A woman is emptying her aquarium at a steady rate with a small pump. The water pumped to a 12-in.-diameter cylindrical bucket, and its depth is increasing at the rate of 4.0 in. per minute. Find the rate at which the aquarium water level is dropping if the aquarium measures 24 in. (wide) × 36 in. (long) × 18 in. (high).

Answer 1

Answer:

Therefore the rate at which water level is dropping is $\frac{11}{21}$ in per minute.

Step-by-step explanation:

Given that,

The diameter of cylindrical bucket = 12 in.

Depth is increasing at the rate of = 4.0 in per minutes.

i.e $\frac{dh_1}{dt}=4$

$h_1$ is depth of the bucket.

The volume of the bucket is V = $\pi r^2 h$

                                                 $=\pi \times 6^2\itimes h_1$

$\therefore V=36\pi h_1$

Differentiating with respect yo t,

$\frac{dV}{dt}=36\pi \frac{dh_1}{dt}$

Putting  $\frac{dh_1}{dt}=4$

$\therefore\frac{dV}{dt}=36\pi\times 4$

The rate of volume change of the bucket = The rate of volume change of the aquarium .

Given that,The aquarium measures 24 in × 36 in × 18 in.

When the water pumped out from the aquarium, the depth of the aquarium only changed.

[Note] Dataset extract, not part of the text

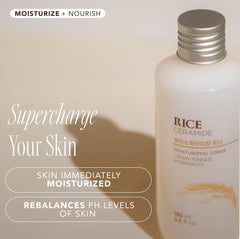 The Face Shop tónico arroz ceramida, ayuda a mantener la barrera cutánea.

Consider h be height of the aquarium.

The volume of the aquarium is V= ( 24× 36 ×h)

V= 24× 36 ×h

Differentiating with respect to t

$\frac{dV}{dt}=24\times 36 \times \frac{dh}{dt}$

Putting $\frac{dV}{dt}=36\pi\times 4$

$36\pi\times 4= 24\times 36\times \frac{dh}{dt}$

$\Rightarrow \frac{dh}{dt}=\frac{36\pi \times 4}{24\times 36}$

$\Rightarrow \frac{dh}{dt}=\frac{11}{21}$

Therefore the rate at which water level is dropping is $\frac{11}{21}$ in per minute.